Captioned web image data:

-- Opening Marker --

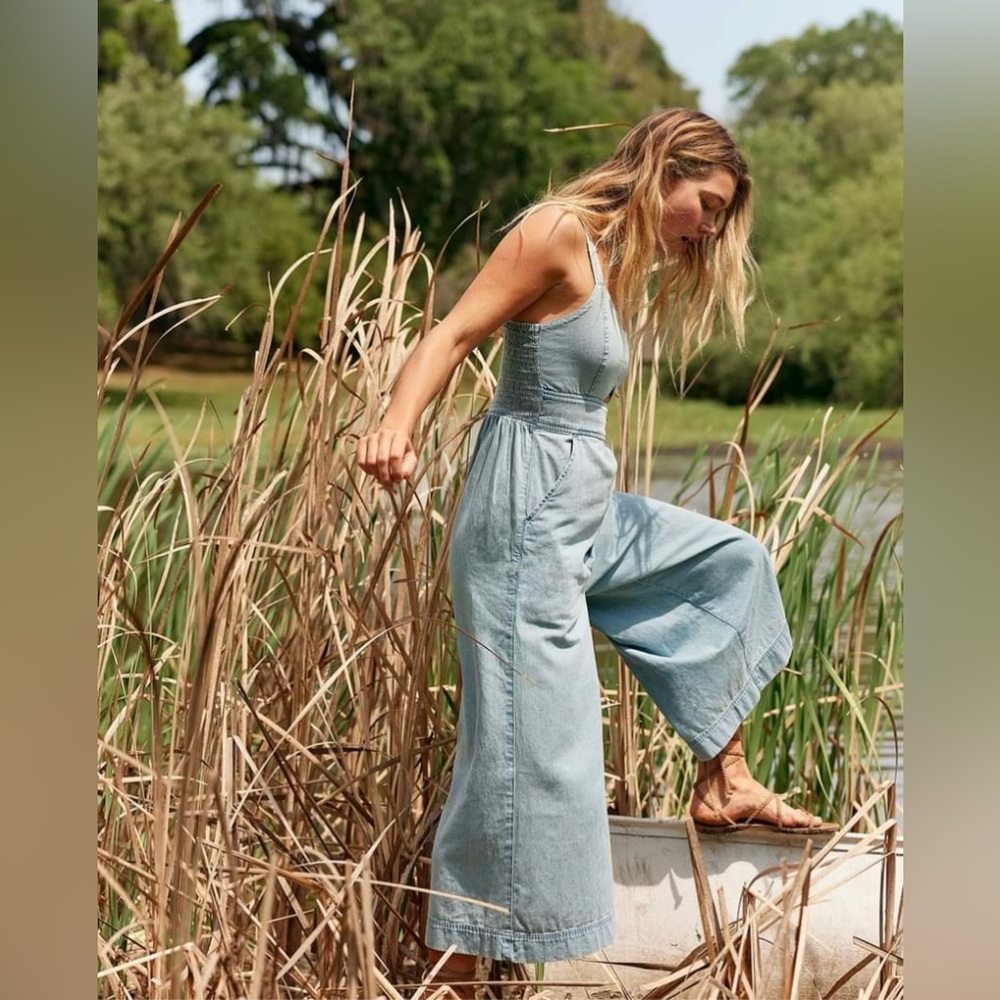 Aerie Light Blue Jumpsuit - Picture 3 of 4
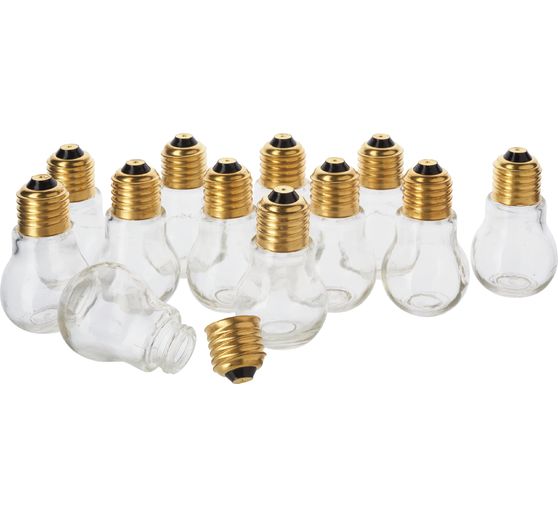 VBS Decorative light bulbs, 12 pcs., screw-on
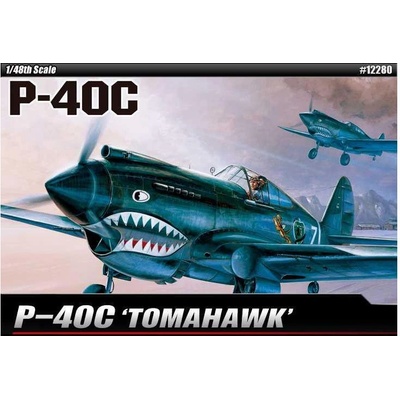 Academy Model Kit letadlo 12280 P 40C CF 36 12280 1:48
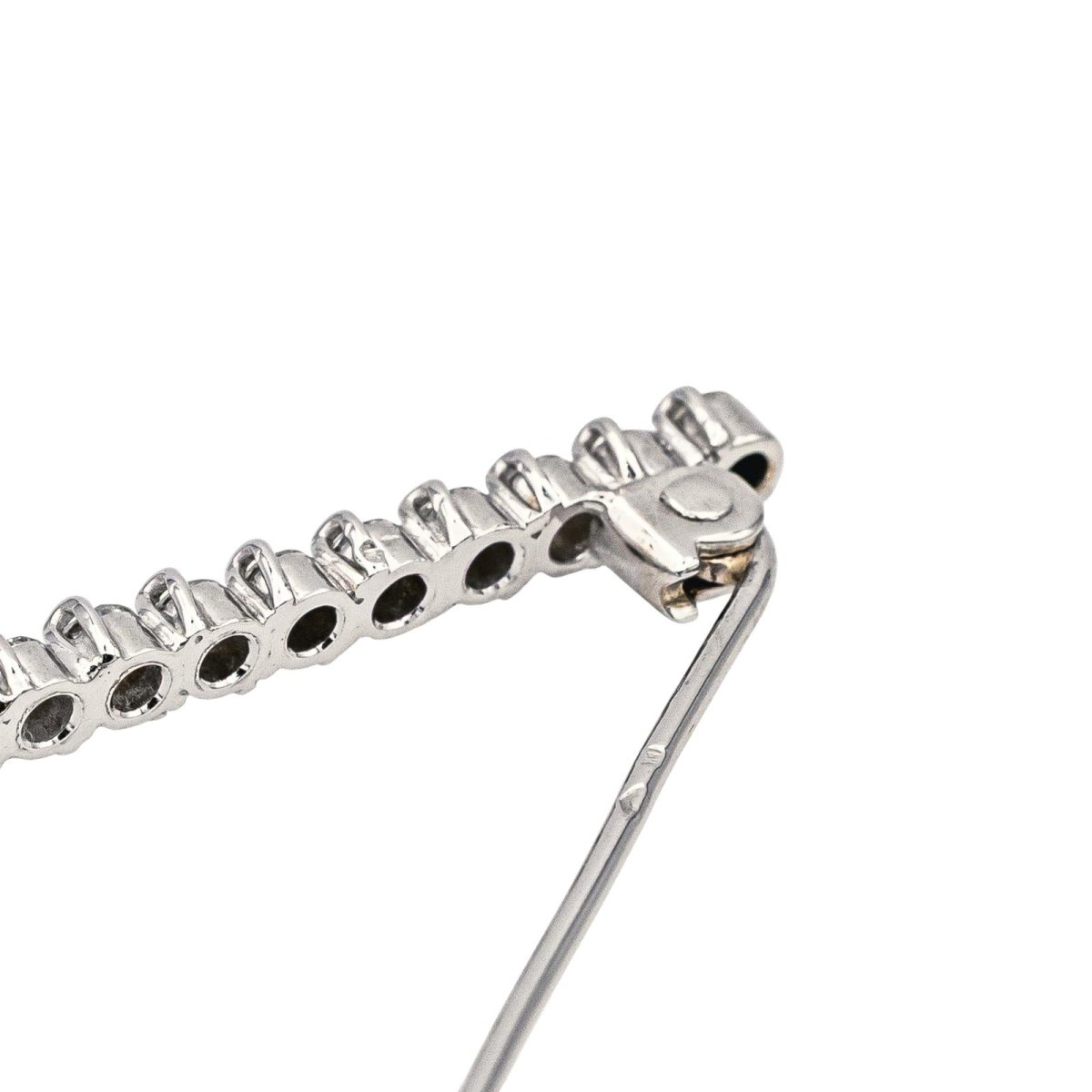 Broche Épingle en or blanc et diamants - Castafiore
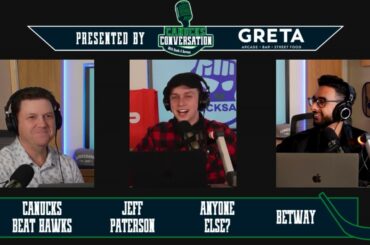 Jeff Paterson on Demko for Vezina, Canucks' new blue helmets, defensive pairings, Höglander's role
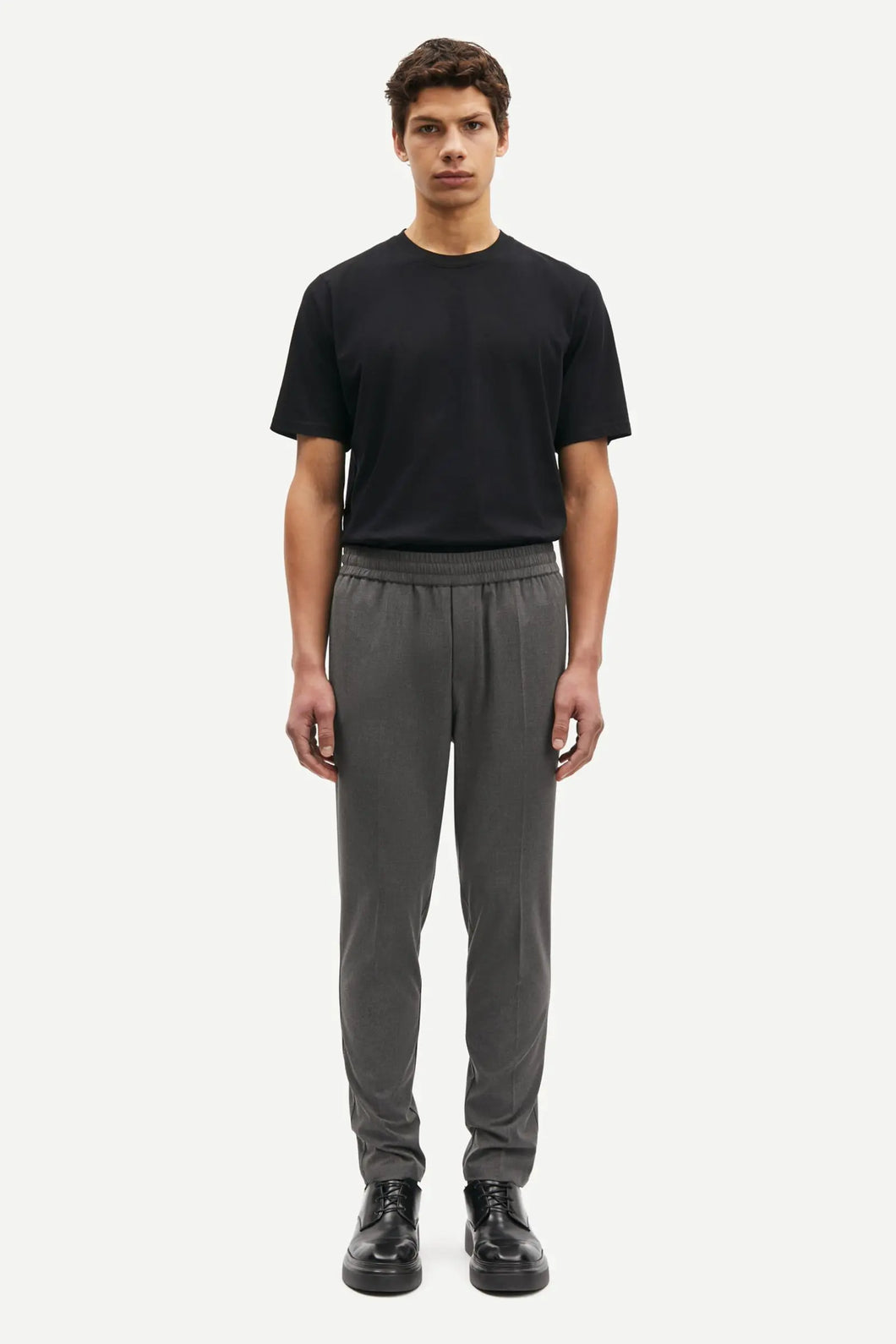 SAMSOE SAMSOE SASMITHY TROUSERS 15346 Dark Grey Mel.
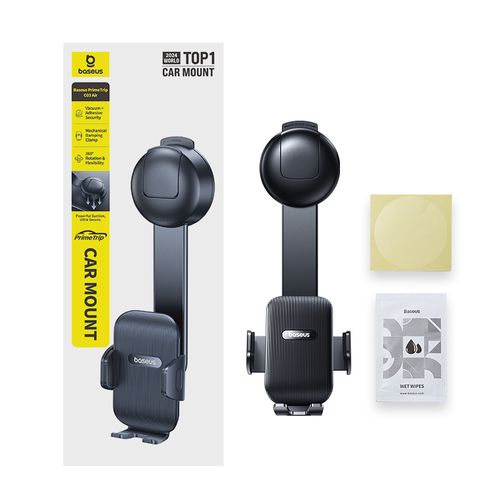 Clamping Car Mount with Suction Cup PrimeTrip C03 Air, Black C0013C01 6932172695729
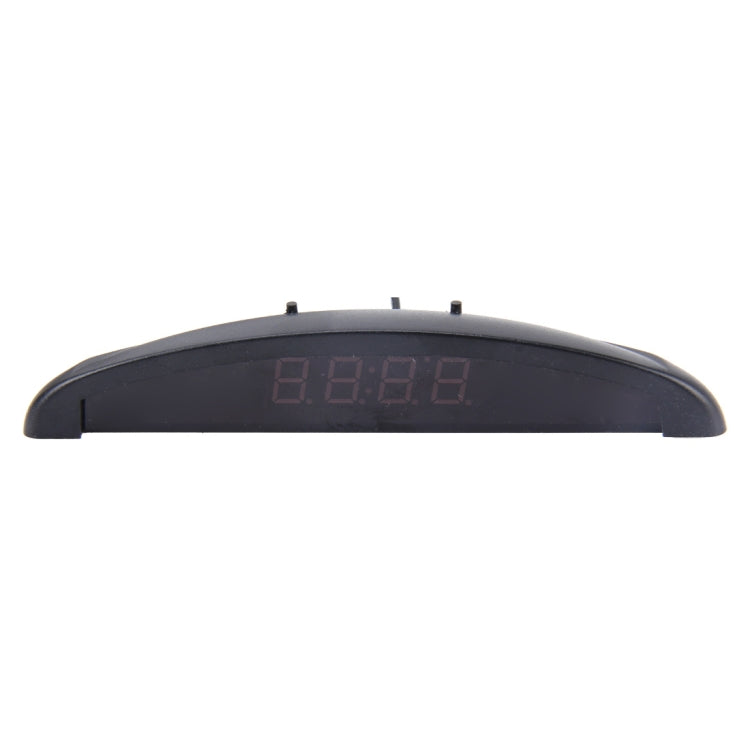 2 in 1 Car LED Digital Display Thermometer Clock(Red) - Clocks & Car Meters by PMC TechLife | Online Shopping South Africa | PMC TechLife | Buy Now Pay Later Mobicred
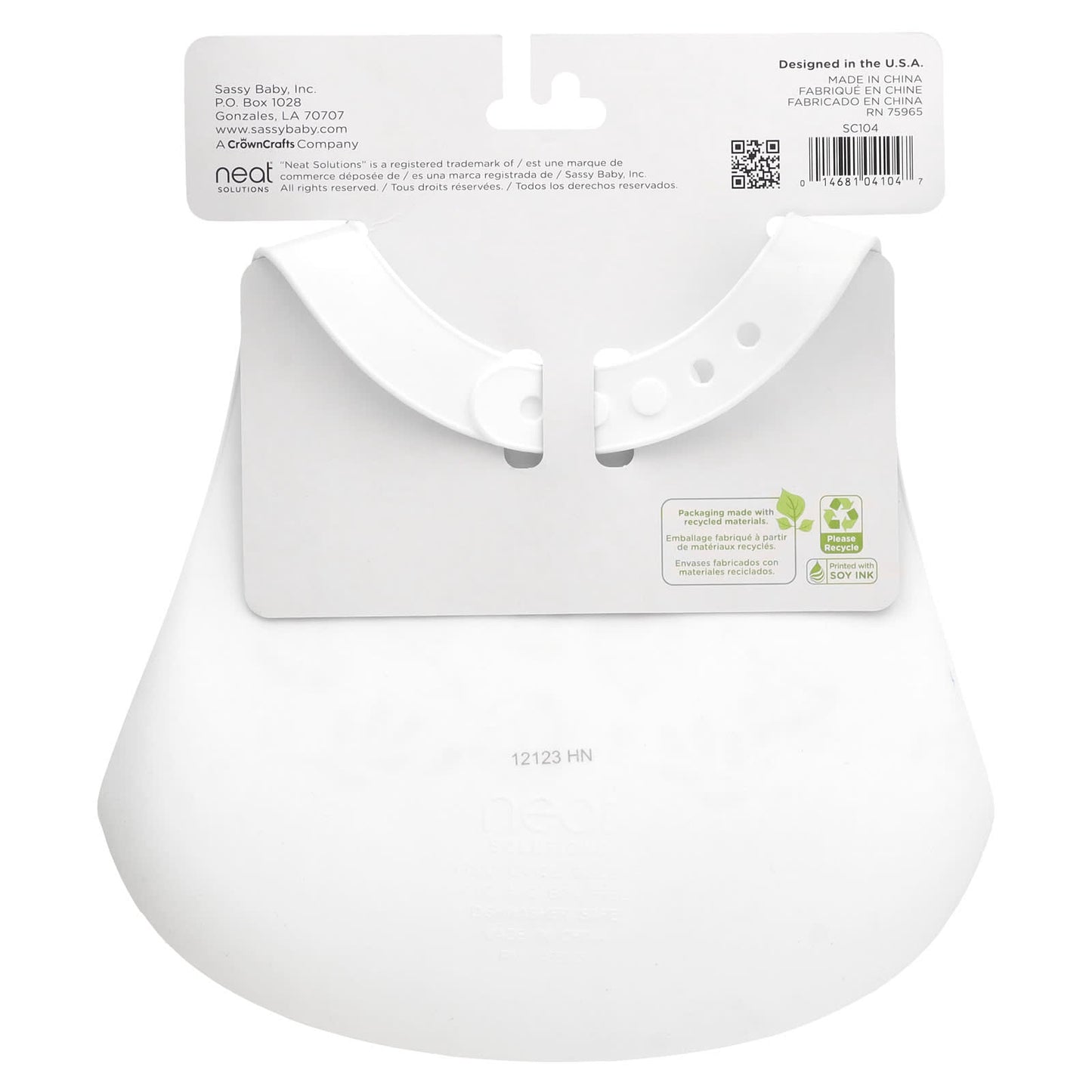 Neat Solutions, Silicone Scoop Bib, 3M +, 1 Count - Image 2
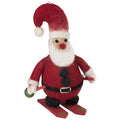 Handmade Skiing Santa Felt Ornament Nepal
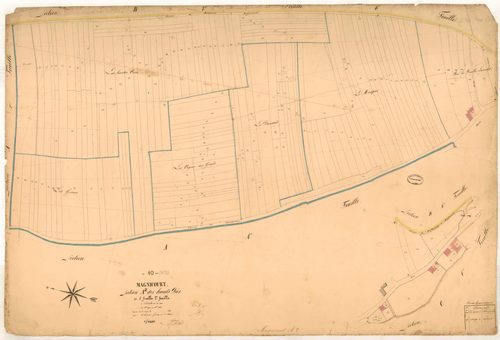 Magnicourt, section A dite des hauts prés, feuille n° 2, parcelles n°192-360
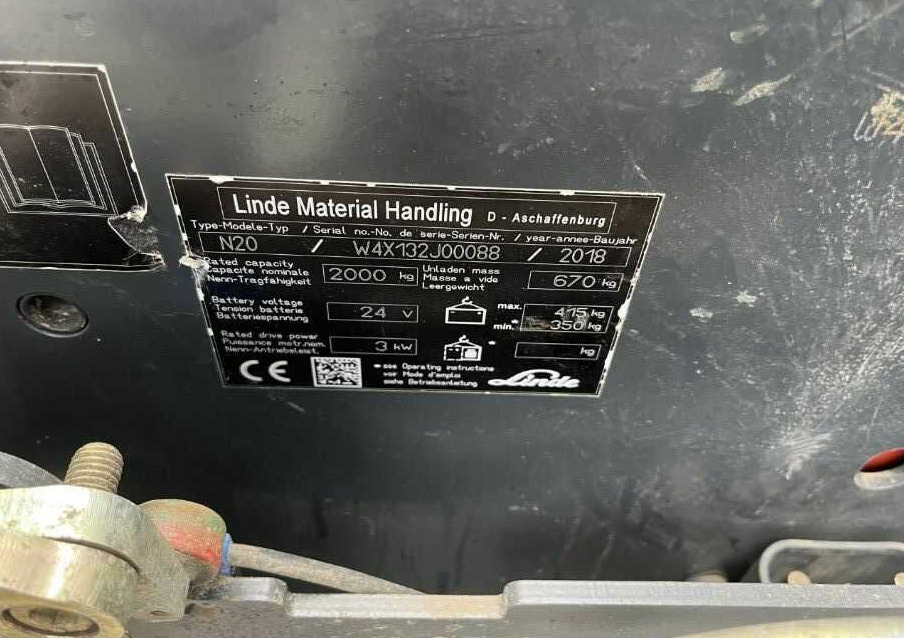 Linde N20 - Máy lấy hàng: hình 4 Linde N20 - Máy lấy hàng: hình 4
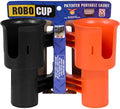 ROBOCUP, Patented Clamp On Boat Cup Holder |Multifunction Dual Drink Caddy by RoboCup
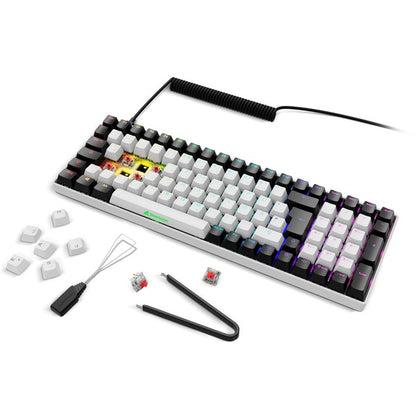 Sharkoon SKILLER SGK50 S2 (weiß, DE-Layout, Gateron Red)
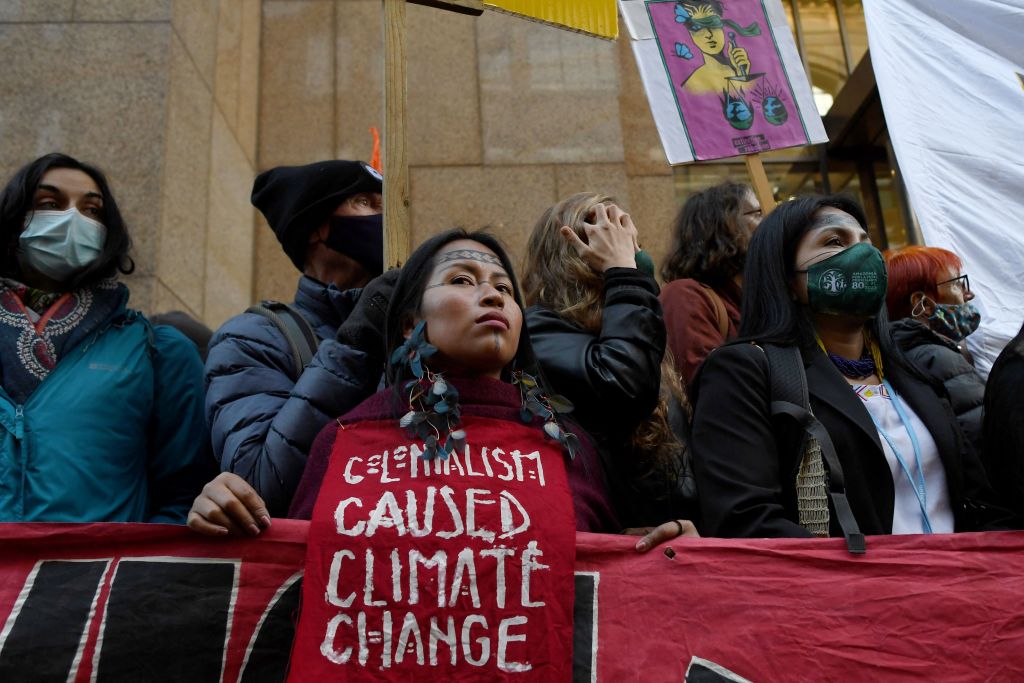 BRITAIN UN CLIMATE COP26 PROTEST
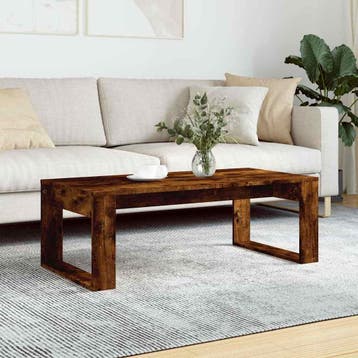 vidaXL Salontafel 102x50x35 cm bewerkt hout gerookt, Verzenden, Nieuw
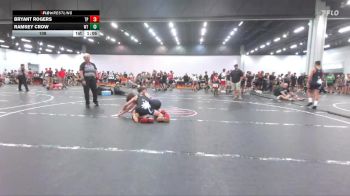 108 lbs Round 2 (4 Team) - Ramsey Crow, Well Trained vs Bryant Rogers, Team Palmetto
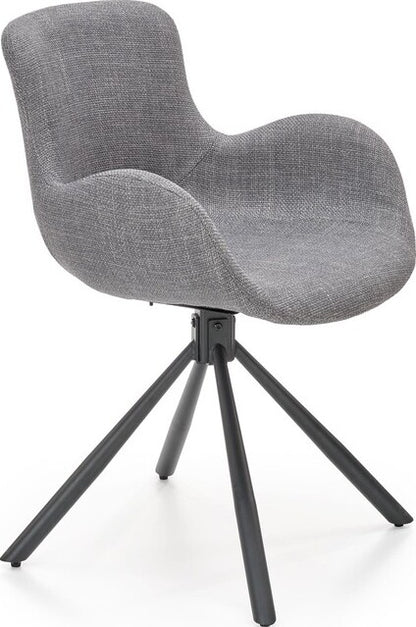 Kitchen Chair K475 | size: Width: 59cm, Height: 81cm, Depth: 58cm | color: Gray | image: 3 | variant: 1003337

-- Closing Marker --

§ What this task involves
With the pictures stripped out, return each record word for word.

§ Response to this exercise
 Aerie Light Blue Jumpsuit - Picture 3 of 4
 VBS Decorative light bulbs, 12 pcs., screw-on
 Academy Model Kit letadlo 12280 P 40C CF 36 12280 1:48
 Broche Épingle en or blanc et diamants - Castafiore
 Jeff Paterson on Demko for Vezina, Canucks' new blue helmets, defensive pairings, Höglander's role
 SAMSOE SAMSOE SASMITHY TROUSERS 15346 Dark Grey Mel.
 Clamping Car Mount with Suction Cup PrimeTrip C03 Air, Black C0013C01 6932172695729
 2 in 1 Car LED Digital Display Thermometer Clock(Red) - Clocks & Car Meters by PMC TechLife | Online Shopping South Africa | PMC TechLife | Buy Now Pay Later Mobicred
 Neat Solutions, Silicone Scoop Bib, 3M +, 1 Count - Image 2
 Handmade Skiing Santa Felt Ornament Nepal
 Magnicourt, section A dite des hauts prés, feuille n° 2, parcelles n°192-360
 Linde N20 - Máy lấy hàng: hình 4 Linde N20 - Máy lấy hàng: hình 4
 ROBOCUP, Patented Clamp On Boat Cup Holder |Multifunction Dual Drink Caddy by RoboCup
 Sharkoon SKILLER SGK50 S2 (weiß, DE-Layout, Gateron Red)
 BRITAIN UN CLIMATE COP26 PROTEST
 vidaXL Salontafel 102x50x35 cm bewerkt hout gerookt, Verzenden, Nieuw
 108 lbs Round 2 (4 Team) - Ramsey Crow, Well Trained vs Bryant Rogers, Team Palmetto
 Kitchen Chair K475 | size: Width: 59cm, Height: 81cm, Depth: 58cm | color: Gray | image: 3 | variant: 1003337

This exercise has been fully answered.